# Imperial Japanese Navy aircraft carrier Hiryu



## paulhelfrich (May 11, 2009)

This is the old Aoshima kit of the IJN Hiryu, one of the six Japanese aircraft carriers that participated in the attack on Pearl Harbor and one of the four that were sunk at the Battle of Midway.

Like most of the old Aoshima toolings in the 1/700 waterline series, the kit is a bit crude and also has accuracy issues which are beyond my modest abilities to correct. So, I focused on making the best model of it that I could, using it as an opportunity to practice airbrushing, using photoetch, and all the other stuff I'm not very good at! 

But all in all, I'm pleased with the result.
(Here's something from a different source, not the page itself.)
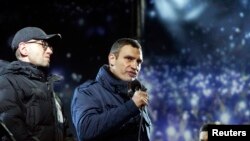 Vitaly Klitschko,  Oleh Tyahnybok və Arseniy Yatsenyuk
The railings and PE radio masts from Gold Medal Models really add a lot.


----------



## hedorah59 (Nov 24, 2008)

Very nice work, Paul. Your water effects are outstanding! It just blows me away that you are able to use the PE in such a small scale - I'm afraid to even try it even in 1/350! :lol:


----------



## Parts Pit Mike (Jan 3, 2001)

Nice work Paul !!


----------



## iamweasel (Aug 14, 2000)

Really sweet work. I keep planning on getting one of the Japanese carriers and now I think I'll get off my butt and get one finally.


----------



## SJF (Dec 3, 1999)

I love seeing boat models posed in water. Great job!

Sean


----------



## paulhelfrich (May 11, 2009)

iamweasel said:


> Really sweet work. I keep planning on getting one of the Japanese carriers and now I think I'll get off my butt and get one finally.


Thanks! The 1/700 Akagi by Hasegawa is a really nice one - builds into an impressive model.


----------



## roadrner (Jul 21, 1999)

SJF said:


> I love seeing boat models posed in water. Great job!
> 
> Sean


 
Would have to agree. Love it when they're not in dry dock. 

:thumbsup::thumbsup: rr


----------



## surfsup (Apr 19, 2009)

I love what you have done with an Old Kit like her....Beautiful Job Paul...Cheers Mark:wave:


----------



## ClubTepes (Jul 31, 2002)

BEAUTIFUL work.


----------



## WarbirdTA (May 21, 2008)

Very nice work.
I like it.

George


----------